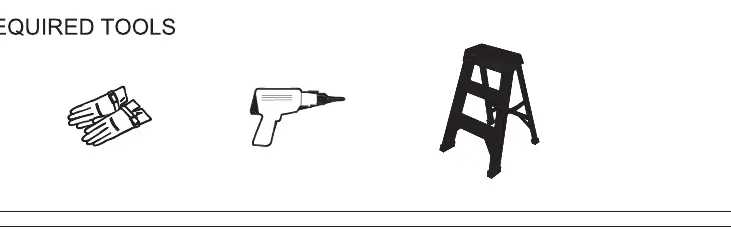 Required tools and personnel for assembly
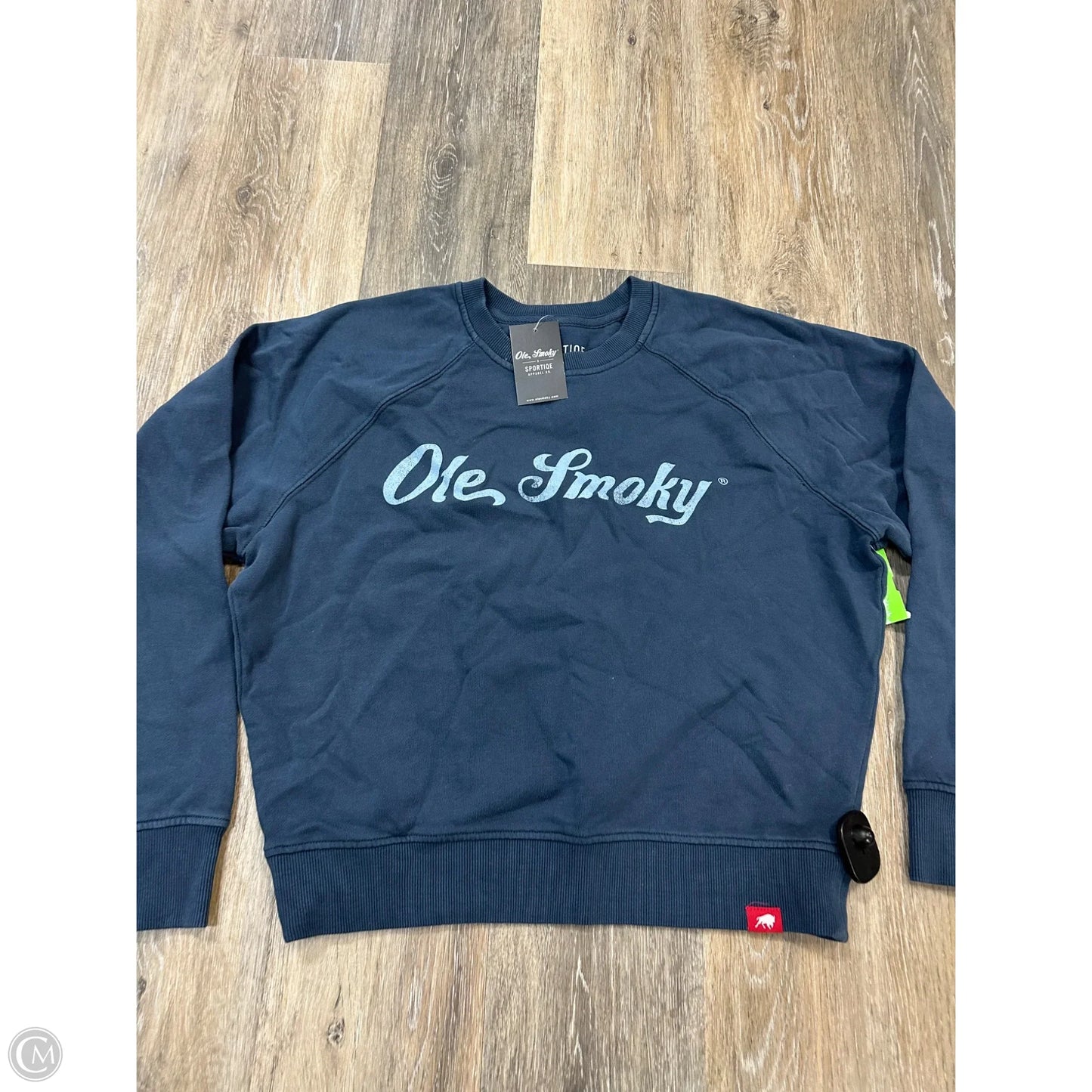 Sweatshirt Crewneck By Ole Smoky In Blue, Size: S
_ _ _
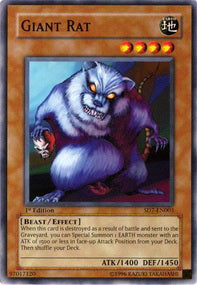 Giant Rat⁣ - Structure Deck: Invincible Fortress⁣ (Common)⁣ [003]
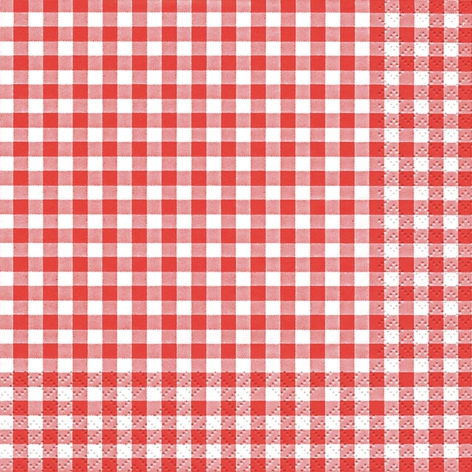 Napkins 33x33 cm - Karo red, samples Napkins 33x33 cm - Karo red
_ _ _
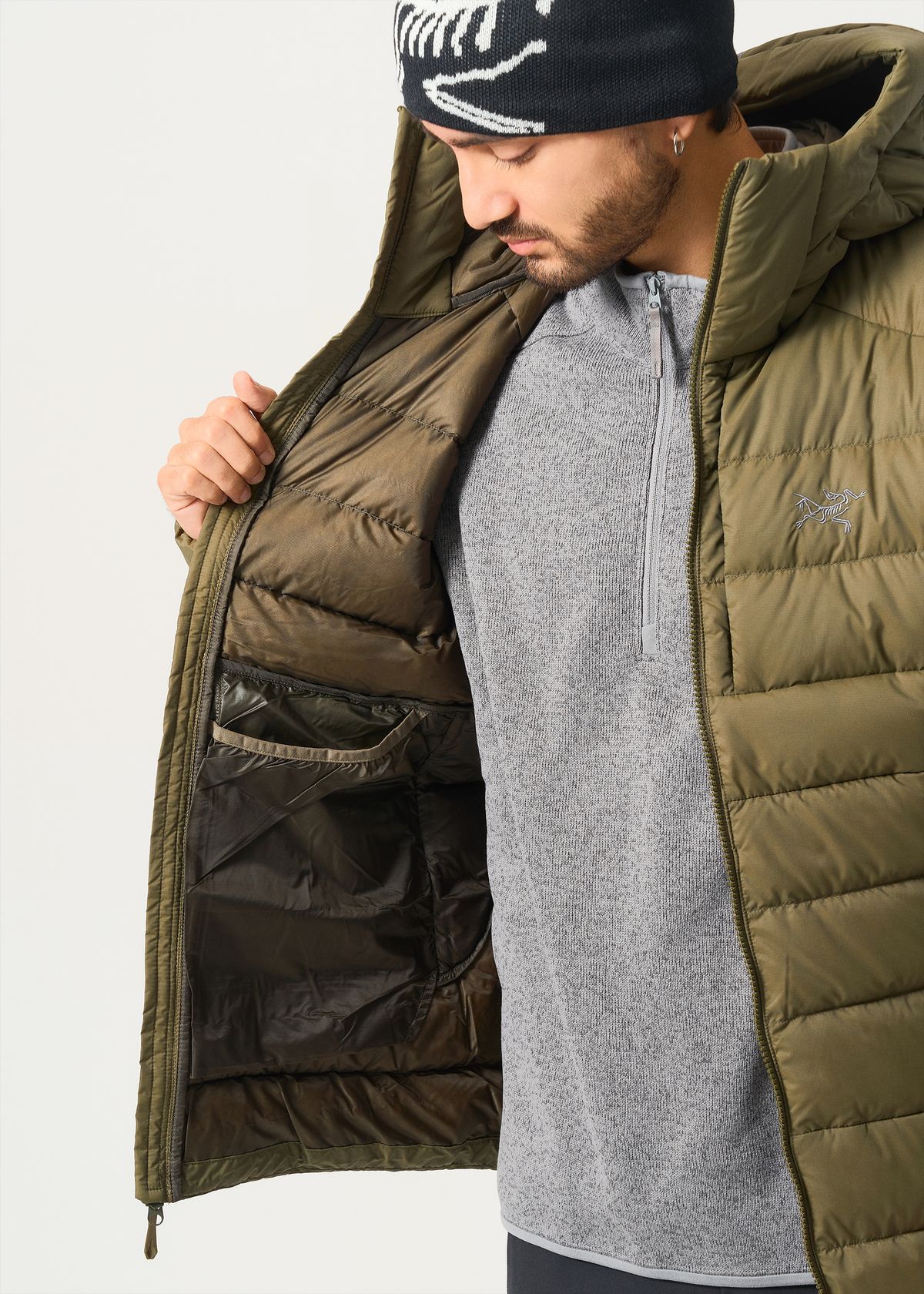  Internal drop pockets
_ _ _
**Problem to solve**
A word-for-word reproduction is needed of the lines above from the line containing "Required tools and personnel for assembly" through the line containing "Sweatshirt Crewneck By", with both ends kept and no pictures.

**Response to this exercise**
 Required tools and personnel for assembly
 Sweatshirt Crewneck By Ole Smoky In Blue, Size: S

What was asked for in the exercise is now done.